以前は、財政法第5条で本来発行できない赤字国債を、特別公債法案という財政法の上位法を毎年、成立させ、赤字国債を発行して、急場をしのいでいた。その法案を通すために毎年、与党は首相の首を差し出していたが、今では、一度、この法案を通せば5年間、赤字国債を発行できるようにした。

これでは赤字国債削減への首相のモチベーションは落ちる(第2次安倍政権が長期政権になり得たのも、これが主因だと私は考えている)。

又、「統合政府で考えると、財政は健全だ」という財政楽観論者の存在や「借金を拡大しても財政出動をすべきだ」等の財政出動派の存在が赤字を極大化させてしまった。この結果、第2次安倍政権は、尋常な方法での財政再建を放棄してしまったといえる。

「誰が首相になっても解決策はない。

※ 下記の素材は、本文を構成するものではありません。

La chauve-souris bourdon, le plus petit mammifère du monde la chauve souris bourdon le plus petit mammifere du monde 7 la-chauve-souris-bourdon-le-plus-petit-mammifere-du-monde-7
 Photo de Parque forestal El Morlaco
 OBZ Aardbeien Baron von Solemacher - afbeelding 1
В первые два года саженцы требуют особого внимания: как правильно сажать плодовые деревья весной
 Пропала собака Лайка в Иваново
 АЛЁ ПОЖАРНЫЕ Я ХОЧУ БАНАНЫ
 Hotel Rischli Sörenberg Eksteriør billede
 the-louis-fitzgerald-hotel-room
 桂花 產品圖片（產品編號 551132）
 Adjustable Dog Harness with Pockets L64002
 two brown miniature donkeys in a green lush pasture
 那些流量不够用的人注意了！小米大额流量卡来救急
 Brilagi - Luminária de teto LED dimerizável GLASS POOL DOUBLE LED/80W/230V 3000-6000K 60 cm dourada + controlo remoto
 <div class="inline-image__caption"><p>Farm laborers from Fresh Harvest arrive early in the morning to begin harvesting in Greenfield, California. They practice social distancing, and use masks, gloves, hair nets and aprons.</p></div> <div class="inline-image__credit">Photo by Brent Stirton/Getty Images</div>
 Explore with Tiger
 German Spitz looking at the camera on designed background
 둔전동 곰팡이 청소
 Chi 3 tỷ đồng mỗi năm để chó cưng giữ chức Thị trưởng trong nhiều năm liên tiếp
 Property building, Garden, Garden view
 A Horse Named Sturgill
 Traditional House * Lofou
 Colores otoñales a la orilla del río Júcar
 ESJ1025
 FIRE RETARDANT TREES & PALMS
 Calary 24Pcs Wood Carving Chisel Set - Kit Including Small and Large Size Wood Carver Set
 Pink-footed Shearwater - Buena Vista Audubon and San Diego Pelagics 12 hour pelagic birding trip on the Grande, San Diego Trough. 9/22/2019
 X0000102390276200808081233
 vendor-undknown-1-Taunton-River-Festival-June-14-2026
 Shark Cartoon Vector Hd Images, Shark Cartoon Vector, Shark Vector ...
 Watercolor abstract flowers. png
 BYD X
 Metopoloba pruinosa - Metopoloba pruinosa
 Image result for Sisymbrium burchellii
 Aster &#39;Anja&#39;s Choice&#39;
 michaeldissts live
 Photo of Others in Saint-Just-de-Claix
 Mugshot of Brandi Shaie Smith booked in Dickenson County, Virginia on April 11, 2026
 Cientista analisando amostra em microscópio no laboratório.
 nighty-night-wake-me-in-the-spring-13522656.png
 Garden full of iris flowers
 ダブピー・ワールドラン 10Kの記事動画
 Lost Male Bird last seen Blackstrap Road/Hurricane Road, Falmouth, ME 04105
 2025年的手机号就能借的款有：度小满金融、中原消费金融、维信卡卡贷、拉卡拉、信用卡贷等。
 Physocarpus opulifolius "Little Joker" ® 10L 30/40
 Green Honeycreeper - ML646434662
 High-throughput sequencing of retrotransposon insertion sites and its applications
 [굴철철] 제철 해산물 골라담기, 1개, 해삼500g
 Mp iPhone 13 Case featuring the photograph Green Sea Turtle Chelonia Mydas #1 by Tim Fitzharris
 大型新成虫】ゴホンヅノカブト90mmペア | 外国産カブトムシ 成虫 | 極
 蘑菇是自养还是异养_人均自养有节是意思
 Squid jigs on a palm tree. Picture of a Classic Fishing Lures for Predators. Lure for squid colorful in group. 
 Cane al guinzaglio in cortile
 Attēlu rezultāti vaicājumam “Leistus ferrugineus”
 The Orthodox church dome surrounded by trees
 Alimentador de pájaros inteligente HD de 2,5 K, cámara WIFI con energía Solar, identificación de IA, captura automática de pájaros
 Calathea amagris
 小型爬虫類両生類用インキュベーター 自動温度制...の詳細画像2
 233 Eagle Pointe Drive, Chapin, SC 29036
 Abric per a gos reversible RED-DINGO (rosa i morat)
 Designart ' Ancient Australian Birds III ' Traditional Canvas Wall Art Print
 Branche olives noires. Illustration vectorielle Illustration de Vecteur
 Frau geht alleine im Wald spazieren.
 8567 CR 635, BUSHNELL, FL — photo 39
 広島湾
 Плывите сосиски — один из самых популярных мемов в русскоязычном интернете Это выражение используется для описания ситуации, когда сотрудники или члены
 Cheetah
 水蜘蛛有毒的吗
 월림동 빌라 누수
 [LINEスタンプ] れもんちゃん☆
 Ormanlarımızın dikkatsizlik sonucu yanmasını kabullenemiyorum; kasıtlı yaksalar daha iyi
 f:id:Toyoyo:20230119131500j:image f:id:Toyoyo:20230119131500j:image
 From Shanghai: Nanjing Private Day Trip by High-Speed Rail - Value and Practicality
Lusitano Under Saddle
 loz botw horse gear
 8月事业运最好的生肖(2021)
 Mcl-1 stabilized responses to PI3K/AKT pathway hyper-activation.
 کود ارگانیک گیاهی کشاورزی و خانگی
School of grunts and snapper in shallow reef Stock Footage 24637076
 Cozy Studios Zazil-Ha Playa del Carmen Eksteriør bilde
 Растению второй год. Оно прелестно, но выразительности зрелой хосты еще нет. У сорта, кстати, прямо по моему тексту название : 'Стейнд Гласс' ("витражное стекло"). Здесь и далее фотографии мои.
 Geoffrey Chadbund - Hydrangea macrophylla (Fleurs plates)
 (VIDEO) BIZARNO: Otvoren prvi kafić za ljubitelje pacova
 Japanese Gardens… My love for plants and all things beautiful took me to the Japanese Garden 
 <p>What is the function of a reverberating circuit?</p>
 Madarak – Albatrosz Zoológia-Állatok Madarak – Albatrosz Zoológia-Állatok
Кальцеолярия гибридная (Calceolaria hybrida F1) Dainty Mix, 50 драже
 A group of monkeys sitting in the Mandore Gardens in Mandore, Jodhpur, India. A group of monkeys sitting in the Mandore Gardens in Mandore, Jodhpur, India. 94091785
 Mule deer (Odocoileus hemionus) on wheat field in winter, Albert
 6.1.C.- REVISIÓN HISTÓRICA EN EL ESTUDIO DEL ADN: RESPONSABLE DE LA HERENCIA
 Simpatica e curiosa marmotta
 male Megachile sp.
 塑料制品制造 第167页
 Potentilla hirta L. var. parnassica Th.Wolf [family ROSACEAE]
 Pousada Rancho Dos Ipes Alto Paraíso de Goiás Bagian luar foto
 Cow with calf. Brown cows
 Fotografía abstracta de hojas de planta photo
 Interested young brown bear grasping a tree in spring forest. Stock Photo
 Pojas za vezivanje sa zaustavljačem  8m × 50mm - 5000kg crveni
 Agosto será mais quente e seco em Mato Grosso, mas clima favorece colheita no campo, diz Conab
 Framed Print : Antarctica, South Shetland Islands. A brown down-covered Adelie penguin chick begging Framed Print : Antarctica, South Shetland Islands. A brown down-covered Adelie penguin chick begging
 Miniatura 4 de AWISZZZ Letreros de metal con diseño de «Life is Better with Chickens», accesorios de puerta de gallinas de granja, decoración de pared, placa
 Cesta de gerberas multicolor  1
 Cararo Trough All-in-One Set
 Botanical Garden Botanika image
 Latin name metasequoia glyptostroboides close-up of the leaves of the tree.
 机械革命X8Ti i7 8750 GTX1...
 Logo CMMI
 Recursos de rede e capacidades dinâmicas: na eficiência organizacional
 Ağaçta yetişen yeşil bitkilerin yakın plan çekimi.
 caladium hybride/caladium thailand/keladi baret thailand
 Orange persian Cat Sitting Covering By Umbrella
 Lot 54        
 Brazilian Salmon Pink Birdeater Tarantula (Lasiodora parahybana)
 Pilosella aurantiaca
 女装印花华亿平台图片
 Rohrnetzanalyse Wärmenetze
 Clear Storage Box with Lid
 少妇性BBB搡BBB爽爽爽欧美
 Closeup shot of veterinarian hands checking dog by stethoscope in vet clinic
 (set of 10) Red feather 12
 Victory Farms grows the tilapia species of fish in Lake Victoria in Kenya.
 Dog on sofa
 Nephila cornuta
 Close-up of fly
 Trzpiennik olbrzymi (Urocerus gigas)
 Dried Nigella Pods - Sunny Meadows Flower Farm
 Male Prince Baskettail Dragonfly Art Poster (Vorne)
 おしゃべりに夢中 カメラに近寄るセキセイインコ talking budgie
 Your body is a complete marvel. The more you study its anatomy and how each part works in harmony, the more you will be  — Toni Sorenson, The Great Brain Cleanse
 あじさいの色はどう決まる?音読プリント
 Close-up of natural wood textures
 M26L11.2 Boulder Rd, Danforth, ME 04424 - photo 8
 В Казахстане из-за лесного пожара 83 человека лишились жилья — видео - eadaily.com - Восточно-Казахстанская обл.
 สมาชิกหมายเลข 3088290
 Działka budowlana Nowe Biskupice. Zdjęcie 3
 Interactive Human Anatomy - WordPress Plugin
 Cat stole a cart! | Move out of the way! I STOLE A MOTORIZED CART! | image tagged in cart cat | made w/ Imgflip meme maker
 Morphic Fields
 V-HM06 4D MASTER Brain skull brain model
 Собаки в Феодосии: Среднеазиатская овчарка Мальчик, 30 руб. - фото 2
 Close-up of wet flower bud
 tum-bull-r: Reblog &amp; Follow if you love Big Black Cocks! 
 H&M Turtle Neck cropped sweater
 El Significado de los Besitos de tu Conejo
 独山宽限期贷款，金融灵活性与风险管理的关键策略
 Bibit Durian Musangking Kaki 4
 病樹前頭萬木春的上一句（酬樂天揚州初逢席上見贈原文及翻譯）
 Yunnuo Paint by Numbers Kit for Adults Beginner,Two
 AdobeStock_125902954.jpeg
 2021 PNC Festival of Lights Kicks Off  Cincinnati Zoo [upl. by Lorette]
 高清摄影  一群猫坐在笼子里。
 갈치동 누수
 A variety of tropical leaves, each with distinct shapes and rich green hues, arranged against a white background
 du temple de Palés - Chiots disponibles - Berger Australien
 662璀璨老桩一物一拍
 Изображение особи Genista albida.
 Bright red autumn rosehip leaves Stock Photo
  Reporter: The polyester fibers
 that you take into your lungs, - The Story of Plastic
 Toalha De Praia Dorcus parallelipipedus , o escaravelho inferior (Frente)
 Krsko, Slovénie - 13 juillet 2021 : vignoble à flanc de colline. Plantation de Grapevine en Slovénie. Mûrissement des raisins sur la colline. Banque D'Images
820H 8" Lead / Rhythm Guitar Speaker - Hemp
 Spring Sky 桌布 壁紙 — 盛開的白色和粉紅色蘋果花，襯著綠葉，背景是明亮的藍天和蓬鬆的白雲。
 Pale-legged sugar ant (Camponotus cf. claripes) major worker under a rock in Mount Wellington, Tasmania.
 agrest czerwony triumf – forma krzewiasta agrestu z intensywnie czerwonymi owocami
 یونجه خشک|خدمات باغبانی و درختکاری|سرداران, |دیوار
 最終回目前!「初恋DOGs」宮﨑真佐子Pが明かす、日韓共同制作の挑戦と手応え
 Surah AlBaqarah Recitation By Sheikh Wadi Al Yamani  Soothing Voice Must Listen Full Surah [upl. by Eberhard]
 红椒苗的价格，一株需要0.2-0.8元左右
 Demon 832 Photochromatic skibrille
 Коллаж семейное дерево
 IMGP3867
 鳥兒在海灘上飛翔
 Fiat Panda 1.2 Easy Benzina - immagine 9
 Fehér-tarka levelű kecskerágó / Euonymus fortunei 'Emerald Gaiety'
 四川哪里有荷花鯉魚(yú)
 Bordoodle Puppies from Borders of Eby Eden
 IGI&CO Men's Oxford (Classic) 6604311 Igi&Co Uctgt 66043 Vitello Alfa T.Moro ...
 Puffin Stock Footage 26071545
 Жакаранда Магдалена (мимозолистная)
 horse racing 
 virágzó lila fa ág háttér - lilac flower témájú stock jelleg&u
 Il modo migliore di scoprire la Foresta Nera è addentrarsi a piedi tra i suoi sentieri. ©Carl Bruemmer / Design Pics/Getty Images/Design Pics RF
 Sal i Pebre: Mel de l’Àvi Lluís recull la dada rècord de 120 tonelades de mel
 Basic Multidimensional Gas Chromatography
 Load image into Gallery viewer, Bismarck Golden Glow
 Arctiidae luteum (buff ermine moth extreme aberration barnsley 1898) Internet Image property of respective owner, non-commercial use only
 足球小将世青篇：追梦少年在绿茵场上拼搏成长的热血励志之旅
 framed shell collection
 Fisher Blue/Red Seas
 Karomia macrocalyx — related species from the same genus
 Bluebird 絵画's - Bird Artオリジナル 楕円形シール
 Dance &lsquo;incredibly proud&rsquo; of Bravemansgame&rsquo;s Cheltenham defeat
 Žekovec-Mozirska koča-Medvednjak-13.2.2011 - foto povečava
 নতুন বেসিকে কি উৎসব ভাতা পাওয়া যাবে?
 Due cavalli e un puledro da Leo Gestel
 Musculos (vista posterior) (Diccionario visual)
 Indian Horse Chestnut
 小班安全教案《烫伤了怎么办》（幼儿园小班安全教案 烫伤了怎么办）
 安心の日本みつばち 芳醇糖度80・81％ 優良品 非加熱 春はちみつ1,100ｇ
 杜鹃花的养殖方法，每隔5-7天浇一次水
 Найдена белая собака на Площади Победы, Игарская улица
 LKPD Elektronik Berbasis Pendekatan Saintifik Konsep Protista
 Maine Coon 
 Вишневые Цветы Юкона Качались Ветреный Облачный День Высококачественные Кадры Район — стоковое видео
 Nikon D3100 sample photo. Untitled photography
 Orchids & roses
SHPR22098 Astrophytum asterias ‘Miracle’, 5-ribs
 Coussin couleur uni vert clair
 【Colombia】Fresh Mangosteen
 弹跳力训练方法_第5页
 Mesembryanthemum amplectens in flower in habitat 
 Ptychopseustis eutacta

だから臭いものには蓋」

巨額になった借金を解消する手法は「大増税」か「借金踏み倒し」しかないが、大増税を放棄すれば、「借金踏み倒し」しか道はない。

「借金踏み倒し」は歴史的には、しばしば起こる。鎌倉時代・江戸時代は「徳政令」「棄捐令」だったが、今の世の中では、さすがにこのような過激な政策はとれないだろう。となると、実質、「借金踏み倒し策」であるハイパーインフレ策しかない。

1000兆円超の借金は、タクシー初乗り1兆円時代には、実質無きに等しくなるからだ。インフレとは債権者(国民)から債務者(国)への富の移行という意味で、大増税と同じである。したがってハイパーインフレとは国にとっては究極の財政再建策だが、国民にとっては地獄となる。

菅政権は安倍政権を継承するという。実は誰が総理になっても、この機に至っては、継承せざるを得ない。異次元緩和をやめると新首相が発言したとたんにXデーが到来するからだ。